• What this task involves: A word-for-word copy of the data, pictures excluded, is what this task asks for.

------------------------------------------------------------

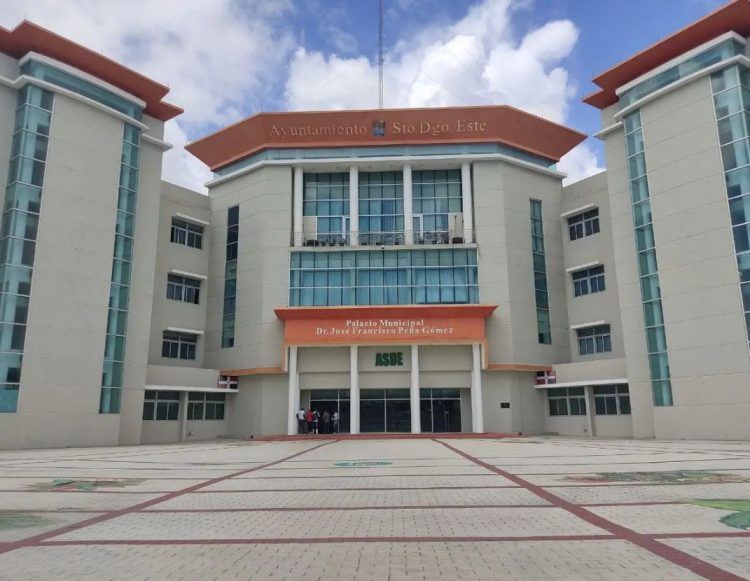 ASDE cancela empleados que golpearon envejeciente por lanzar basura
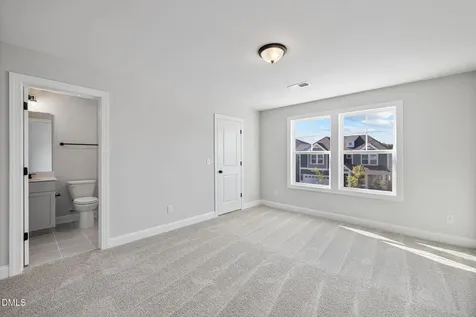 1008 Bostonian Drive Knightdale NC 27545
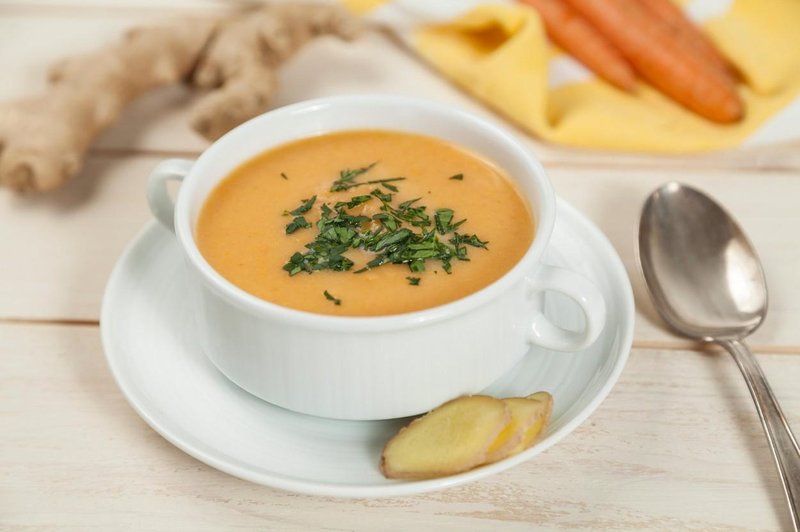 Za mrzle dni: slastna juha iz korenčka in ingverja, ki poskrbi za zdravje (in jo lahko tudi zamrznete!) (foto: profimedia)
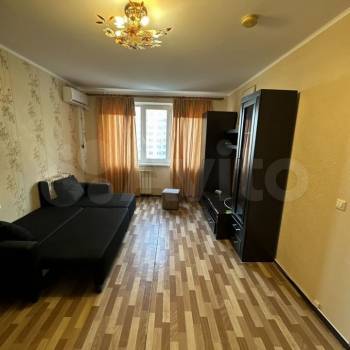 Сдается 1-комнатная квартира, 38,2 м²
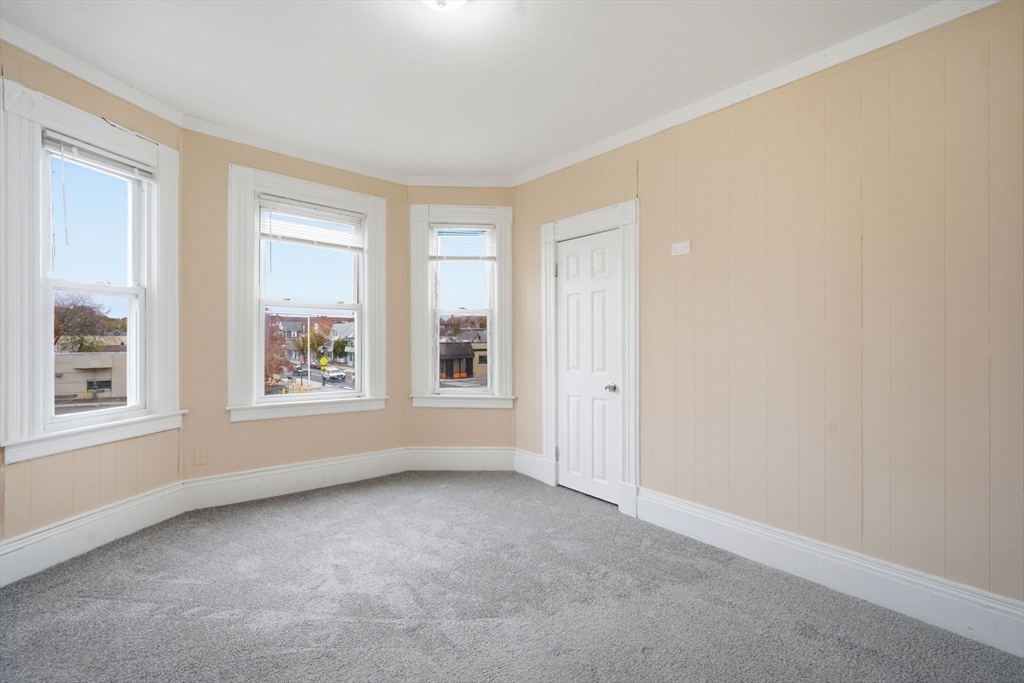 201 Main Street Springfield, MA 01108 - Photo 16 of 25 an empty room with windows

------------------------------------------------------------

• Solution for this exercise:
 ASDE cancela empleados que golpearon envejeciente por lanzar basura
 1008 Bostonian Drive Knightdale NC 27545
 Za mrzle dni: slastna juha iz korenčka in ingverja, ki poskrbi za zdravje (in jo lahko tudi zamrznete!) (foto: profimedia)
 Сдается 1-комнатная квартира, 38,2 м²
 201 Main Street Springfield, MA 01108 - Photo 16 of 25 an empty room with windows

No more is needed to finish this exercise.